En el camino de la dependencia
América Latina es una región que ha perdido históricamente gravitación en el mundo y que parece hoy abocada a divergir cada vez más. Lo primero conduce a la debilidad y lo segundo, a la desintegración: la combinación agudiza la dependencia.
Algunos indicadores –entre muchos disponibles– ejemplifican esa caída. En 1945, cuando se creó la organización de las Naciones Unidas, el peso del voto regional era significativo: de los 51 miembros iniciales 20 eran de América Latina. En la actualidad hay 193 países en la oNU y la dispersión del voto de la región le resta aún más influencia a Latinoamérica como bloque. Datos de la Cepal revelan que la participación latinoamericana en el total de exportaciones mundiales fue del 12% en 1955 y en 2016 cayó a 6%. De acuerdo con la organización Mundial de la Propiedad Intelectual, en 2006 la solicitud de nuevas patentes proveniente de América Latina era del 3% (las de Asia eran el 49,7%), mientras que en 2016 bajó a 2% (las de Asia aumentaron a 64,6%).
Según el Banco Mundial, los gastos en investigación y desarrollo como porcentaje del PBI llegaban al 0,6% para Latinoamérica en 2000 (para Asia oriental y el Pacífico eran de 2,25%) y pasaron al 0,7 en 2014 (para Asia oriental y el Pacífico eran de 2,49). Global Firepower ha confeccionado un índice de poder militar: en 2006, Brasil, México y la Argentina ocupaban, respectivamente, las posiciones 8, 19 y 33; en 2018, Brasil está en el puesto 14, México en el 32 y la Argentina en el 37. En el ranking sobre “poder blando” elaborado en la University of Southern California y la consultora Portland, Brasil se ubicó en el lugar 23 en 2015, en el 24 en 2016 y en el 29 en 2017.

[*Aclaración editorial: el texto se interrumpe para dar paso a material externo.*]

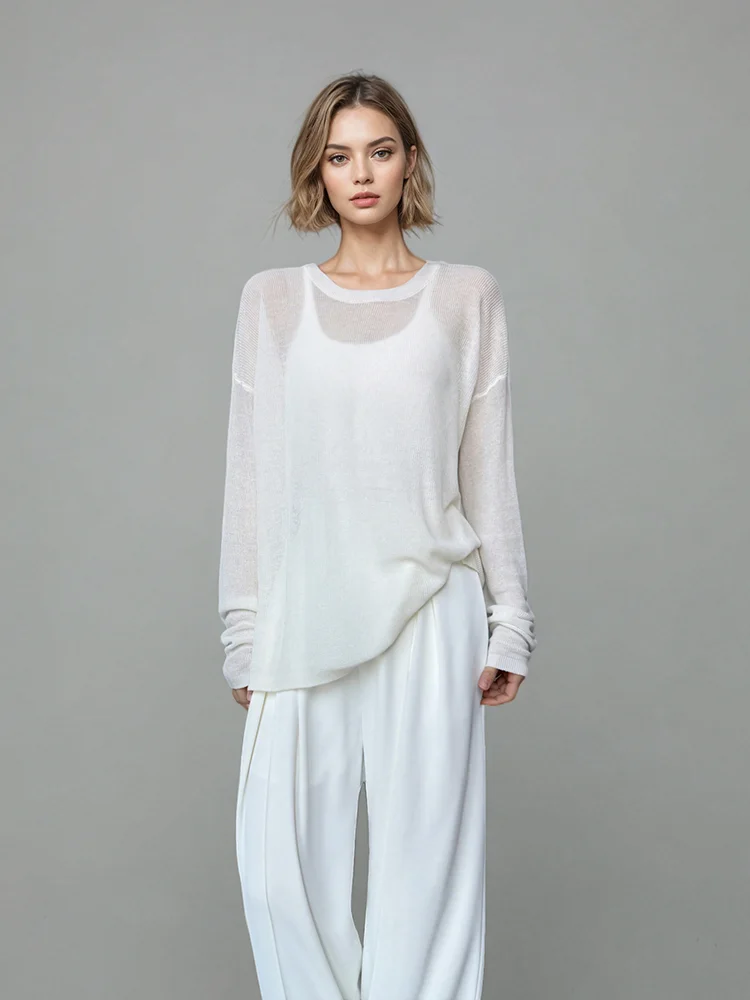 

ANGJIA Весенне-летняя свободная вязаная футболка для женщин, тонкая, свободного кроя, с защитой от солнца, базовый слой, топ-накидка с круглым вырезом и длинным рукавом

A su turno, las iniciativas de integración de diversa índole están en franco retroceso. Una mezcla de estancamiento, desaliento y fragilidad atraviesa por igual aunque con variada intensidad al Mercosur, la Comunidad Andina de Naciones, la Alianza del Pacífico, el ALBA, la Celac y la Unasur.
Durante la “marea rosada” de los gobiernos de centroizquierda, el espíritu a favor de más asociación chocó con las limitaciones de cada proyecto interno. La crisis financiera que estalló en 2008 mostró que las opciones nacionales y aisladas prevalecieron sobre las alternativas subregionales y mancomunadas. Dinámicas exógenas como el auge de China reforzaron la primarización de las economías y los incentivos para buscar atajos particulares, así los discursos de unidad fueran la nota predominante desde comienzos del siglo XXI.
Ahora, con el “reflujo neolibe- ral” de los gobiernos de derecha, ante una administración en Washington dispuesta a recuperar una primacía de manera pendenciera y en medio del apogeo de la financiarización, se verifica el desinterés por acciones colectivas y la preferencia por salidas unilaterales. El resultado acumulado ha sido una decreciente integración regional y una apuesta por la lógica del “sálvese quien pueda”, algo que, en el fondo, es grupalmente costoso, aunque exista la ilusión de una mejora individual.
Debilitamiento y desintegración conducen a una mayor dependencia externa, sea de un poder declinante como Estados Unidos o de un poder ascendente como China. El corolario estratégico de eso es el deslizamiento hacia una gradual irrelevancia de América Latina en la política mundial.